### Task requirements
Look below for the line containing "Colour the animals worksheet"; write out that line and each one after it to the end, exactly, and nothing else.

### Information shown
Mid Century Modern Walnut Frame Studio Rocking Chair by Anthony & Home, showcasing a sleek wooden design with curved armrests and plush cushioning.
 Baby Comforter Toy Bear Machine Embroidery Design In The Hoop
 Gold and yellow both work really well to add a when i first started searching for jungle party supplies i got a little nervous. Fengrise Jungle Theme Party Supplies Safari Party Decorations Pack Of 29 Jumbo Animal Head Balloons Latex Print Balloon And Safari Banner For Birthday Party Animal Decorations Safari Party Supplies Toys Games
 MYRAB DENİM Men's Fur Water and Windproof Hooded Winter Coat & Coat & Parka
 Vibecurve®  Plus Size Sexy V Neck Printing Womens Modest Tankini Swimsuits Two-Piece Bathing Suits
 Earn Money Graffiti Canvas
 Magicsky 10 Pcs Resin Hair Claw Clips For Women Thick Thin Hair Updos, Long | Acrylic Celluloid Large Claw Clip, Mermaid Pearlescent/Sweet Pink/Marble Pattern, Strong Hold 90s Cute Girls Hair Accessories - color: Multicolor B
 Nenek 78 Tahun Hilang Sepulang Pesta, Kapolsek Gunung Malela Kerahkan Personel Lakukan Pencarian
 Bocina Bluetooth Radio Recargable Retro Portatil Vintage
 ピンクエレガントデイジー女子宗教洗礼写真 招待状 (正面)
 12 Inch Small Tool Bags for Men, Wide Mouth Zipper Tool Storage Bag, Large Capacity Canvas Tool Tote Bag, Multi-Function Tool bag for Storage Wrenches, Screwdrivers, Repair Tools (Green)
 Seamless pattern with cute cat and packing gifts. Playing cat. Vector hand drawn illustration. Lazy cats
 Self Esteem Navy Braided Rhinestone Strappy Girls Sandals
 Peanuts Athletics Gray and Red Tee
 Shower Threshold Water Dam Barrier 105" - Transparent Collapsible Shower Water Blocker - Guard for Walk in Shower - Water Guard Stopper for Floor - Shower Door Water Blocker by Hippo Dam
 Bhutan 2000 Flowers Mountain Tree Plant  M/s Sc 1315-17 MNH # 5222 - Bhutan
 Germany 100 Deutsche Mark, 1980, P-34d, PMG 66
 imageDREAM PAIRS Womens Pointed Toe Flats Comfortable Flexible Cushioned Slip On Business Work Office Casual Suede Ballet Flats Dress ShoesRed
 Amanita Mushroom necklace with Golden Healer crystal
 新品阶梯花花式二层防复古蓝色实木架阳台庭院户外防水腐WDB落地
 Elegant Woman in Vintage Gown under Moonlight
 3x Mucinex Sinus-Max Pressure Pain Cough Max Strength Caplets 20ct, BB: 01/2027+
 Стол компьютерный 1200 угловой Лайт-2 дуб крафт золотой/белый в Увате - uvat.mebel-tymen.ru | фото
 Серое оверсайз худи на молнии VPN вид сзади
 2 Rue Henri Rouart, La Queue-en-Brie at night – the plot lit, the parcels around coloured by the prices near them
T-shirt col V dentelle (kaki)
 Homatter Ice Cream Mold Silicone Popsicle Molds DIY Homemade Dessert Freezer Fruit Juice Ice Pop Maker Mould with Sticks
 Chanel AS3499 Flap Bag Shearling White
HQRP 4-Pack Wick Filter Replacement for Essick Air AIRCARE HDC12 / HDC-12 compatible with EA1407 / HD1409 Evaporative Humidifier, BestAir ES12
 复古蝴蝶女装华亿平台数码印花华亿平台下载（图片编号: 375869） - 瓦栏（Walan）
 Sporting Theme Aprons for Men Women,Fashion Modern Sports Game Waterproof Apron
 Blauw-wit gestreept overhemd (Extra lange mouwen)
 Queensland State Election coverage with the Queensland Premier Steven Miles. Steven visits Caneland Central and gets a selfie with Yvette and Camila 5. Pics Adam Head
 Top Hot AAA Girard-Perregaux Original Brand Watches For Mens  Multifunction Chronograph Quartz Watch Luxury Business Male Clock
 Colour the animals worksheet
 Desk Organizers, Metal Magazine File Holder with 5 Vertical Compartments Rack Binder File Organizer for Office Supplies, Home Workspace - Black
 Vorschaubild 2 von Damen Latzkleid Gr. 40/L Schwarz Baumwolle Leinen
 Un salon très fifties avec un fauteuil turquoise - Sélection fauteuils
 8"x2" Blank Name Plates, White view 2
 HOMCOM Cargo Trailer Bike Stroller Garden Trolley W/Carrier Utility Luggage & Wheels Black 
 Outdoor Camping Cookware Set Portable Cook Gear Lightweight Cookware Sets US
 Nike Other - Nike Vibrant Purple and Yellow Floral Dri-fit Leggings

### Finished exercise
 Colour the animals worksheet
 Desk Organizers, Metal Magazine File Holder with 5 Vertical Compartments Rack Binder File Organizer for Office Supplies, Home Workspace - Black
 Vorschaubild 2 von Damen Latzkleid Gr. 40/L Schwarz Baumwolle Leinen
 Un salon très fifties avec un fauteuil turquoise - Sélection fauteuils
 8"x2" Blank Name Plates, White view 2
 HOMCOM Cargo Trailer Bike Stroller Garden Trolley W/Carrier Utility Luggage & Wheels Black 
 Outdoor Camping Cookware Set Portable Cook Gear Lightweight Cookware Sets US
 Nike Other - Nike Vibrant Purple and Yellow Floral Dri-fit Leggings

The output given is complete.